Different lenders have different terms for loan consolidation. Before you jump on a product, ensure you read the fine print. Get a list of all the fees charged and their percentages. From there, compare them with what you are currently paying as well as other lenders. This will help you avoid fees that can erase the benefits of consolidation.
Choosing a High-Interest Personal Loan
Choosing the wrong loan can end up costing you more in the long run. If you choose a loan that has the same interest or even a higher one, you’ll end up losing money.
This trap is easy to fall into as high-interest personal loans are packaged to be appealing. They often have an easy application process, and the approval criteria is also flexible. However, they charge more than other products and often have hidden charges.
Before you take out a debt consolidation loan, confirm that it charges lower rates than your credit cards.

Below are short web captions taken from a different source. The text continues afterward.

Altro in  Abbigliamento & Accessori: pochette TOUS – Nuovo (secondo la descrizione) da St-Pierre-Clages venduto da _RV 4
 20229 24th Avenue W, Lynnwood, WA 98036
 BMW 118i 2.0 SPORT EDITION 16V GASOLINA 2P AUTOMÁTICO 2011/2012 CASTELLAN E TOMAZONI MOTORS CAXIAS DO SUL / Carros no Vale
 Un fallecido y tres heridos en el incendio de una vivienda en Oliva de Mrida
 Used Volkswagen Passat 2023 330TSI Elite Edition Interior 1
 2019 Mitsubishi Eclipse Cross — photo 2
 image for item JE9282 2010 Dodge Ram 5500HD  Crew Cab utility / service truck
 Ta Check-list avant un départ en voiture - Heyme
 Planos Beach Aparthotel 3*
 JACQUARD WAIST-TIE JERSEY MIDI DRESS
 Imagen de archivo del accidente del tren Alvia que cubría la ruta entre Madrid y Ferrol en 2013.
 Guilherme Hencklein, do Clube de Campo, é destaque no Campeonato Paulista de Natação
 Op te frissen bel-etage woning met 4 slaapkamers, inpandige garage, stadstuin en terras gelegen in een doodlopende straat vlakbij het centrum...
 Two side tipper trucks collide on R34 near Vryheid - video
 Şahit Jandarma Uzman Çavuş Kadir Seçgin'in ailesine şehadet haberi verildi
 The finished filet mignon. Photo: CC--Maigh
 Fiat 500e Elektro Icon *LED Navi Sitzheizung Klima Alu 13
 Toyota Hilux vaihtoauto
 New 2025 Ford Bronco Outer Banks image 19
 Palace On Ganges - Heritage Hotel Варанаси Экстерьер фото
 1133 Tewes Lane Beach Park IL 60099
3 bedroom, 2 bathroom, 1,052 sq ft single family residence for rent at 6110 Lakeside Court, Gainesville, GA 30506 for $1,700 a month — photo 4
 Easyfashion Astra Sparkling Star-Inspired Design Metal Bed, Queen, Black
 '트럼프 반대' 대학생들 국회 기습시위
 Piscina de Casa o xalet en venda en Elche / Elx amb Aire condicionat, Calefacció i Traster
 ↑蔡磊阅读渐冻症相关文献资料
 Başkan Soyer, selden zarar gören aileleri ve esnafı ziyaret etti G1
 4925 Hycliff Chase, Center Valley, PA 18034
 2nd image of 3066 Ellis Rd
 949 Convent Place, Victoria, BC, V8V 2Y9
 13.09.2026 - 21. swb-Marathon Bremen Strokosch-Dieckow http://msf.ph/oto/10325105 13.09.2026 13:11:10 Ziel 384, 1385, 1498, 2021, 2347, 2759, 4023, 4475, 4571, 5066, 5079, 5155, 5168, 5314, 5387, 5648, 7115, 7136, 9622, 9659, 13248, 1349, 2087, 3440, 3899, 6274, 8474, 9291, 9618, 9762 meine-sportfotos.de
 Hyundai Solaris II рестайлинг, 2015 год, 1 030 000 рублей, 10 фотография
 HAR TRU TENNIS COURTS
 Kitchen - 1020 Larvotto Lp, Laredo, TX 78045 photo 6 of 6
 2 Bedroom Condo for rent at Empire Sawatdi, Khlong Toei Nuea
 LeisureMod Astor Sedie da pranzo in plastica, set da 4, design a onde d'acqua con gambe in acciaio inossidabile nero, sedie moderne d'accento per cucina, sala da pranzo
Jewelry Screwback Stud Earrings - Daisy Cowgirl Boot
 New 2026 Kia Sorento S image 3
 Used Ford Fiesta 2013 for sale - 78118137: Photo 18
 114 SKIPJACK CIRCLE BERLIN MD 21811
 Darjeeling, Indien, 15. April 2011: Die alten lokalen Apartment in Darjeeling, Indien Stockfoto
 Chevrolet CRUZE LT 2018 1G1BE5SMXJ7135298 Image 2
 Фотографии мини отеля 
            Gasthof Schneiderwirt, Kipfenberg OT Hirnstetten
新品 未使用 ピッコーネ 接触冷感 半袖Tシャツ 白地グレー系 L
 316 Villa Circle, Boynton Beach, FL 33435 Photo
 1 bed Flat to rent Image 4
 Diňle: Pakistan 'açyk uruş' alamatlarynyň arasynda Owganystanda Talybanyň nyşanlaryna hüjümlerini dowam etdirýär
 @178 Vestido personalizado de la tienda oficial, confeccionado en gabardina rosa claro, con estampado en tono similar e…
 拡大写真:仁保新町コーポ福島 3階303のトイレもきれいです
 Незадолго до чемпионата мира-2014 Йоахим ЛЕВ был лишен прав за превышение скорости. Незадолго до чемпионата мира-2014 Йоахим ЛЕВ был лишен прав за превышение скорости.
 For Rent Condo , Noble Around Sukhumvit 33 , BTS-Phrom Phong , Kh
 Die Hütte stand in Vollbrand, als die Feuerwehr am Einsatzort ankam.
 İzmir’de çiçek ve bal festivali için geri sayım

Shop around and compare offers. If you find that a high-interest personal loan is the only option available, you can consider alternatives like a balance transfer credit card or paying high-interest loans first.
Extending the Loan Term Too Long
One of the biggest appeals of debt consolidation is that you can reduce the amount of monthly payments. However, this is only a short-term relief. When you take a long time to pay your loan, you end up paying much more than you would have done without debt consolidation. It’s also easier to rack up other debts, wiping out all your benefits and worsening the situation.
Instead of getting tempted by low monthly payments, try to find a balance that can help you minimise interest costs and get out of debt faster. Consider what you can reasonably afford every month and the cost of consolidation. Apart from that, try to free funds from other expenditures that are not mandatory.
Ignoring the Impact on your Credit Score
Debt consolidation will affect your credit score, but this can be in a positive or negative way. Initially, it will see a blip as the lender will make a hard inquiry on your credit report. If you miss payments, the score will drop even further.
However, you can use the consolidation to improve your score. After the temporary drop, don’t apply for other forms of credit soon. You should then ensure you pay the consolidated debt on time and don’t miss any payments. This will improve your score over time and help you avoid huge balances.
Sticking with Your Credit Card Habits
Debt consolidation is not a fresh start. While you may free up some extra cash, it’s not time to go back to your credit cards. If you slip back into your old habits, you’ll rack up more debt and soon realise that you only shifted the debt around.
Once you consolidate your debt, put away your credit cards. Develop new habits that rely on spending cash, as this will also limit your expenditure. Consolidation can only be powerful if paired with good spending habits, so take it as an opportunity to move toward a debt-free future.